Union of lines $ \{ y = x/n : n \in \mathbb N+ \}$ not homeomorphic to infinite wedge sum of lines?

Question

As is described in the title, I believe $ \{ y = x/n : n \in \mathbb N+ \}$ is homeomorphic to the infinite wedge sum $\bigvee _\infty \mathbb R $, since the natural bijection is continuous at the crossing point in both direction. But a friend of mine told me it was wrong.

Another related question which appears on Hatcher's text is the union of circles centered $(n,0)$ with radius $n$. Again, it is claimed that it is not homeomorphic to the infinite wedge $\bigvee _\infty S^1 $, and I can't figure out the reason.

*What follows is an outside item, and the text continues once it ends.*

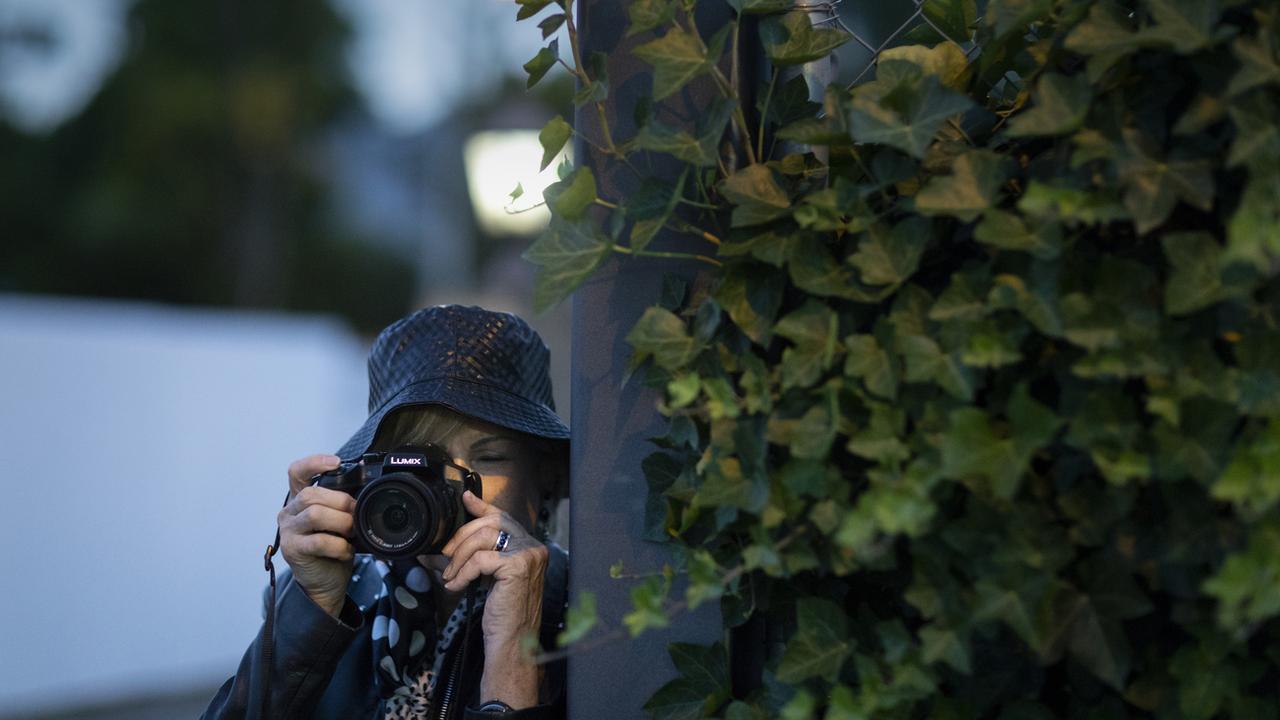 Une détective professionnelle prend une photo à Zurich en juin 2018. (Image d'illustration) [KEYSTONE - GAETAN BALLY]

Could anybody explain the two baffling questions please? Thanks!!

Answer 1

In both cases the subspace topology that your union inherits from the plane is metrizable. The corresponding wedge, a quotient of the union, is not. At the vertex the quotient does not have a countable neighbourhood base: given a countable sequence $\langle U_n:n\in\mathbb{N}\rangle$ of neighbourhoods take in the $k$th space a neighbourhood $O_k$ of the point corresponding to the vertex that is a proper subset of $\bigcap_{n\le k}U_n$. Then the $O_k$ determine a neighbourhood $O$ of the vertex that contains none of the $U_n$.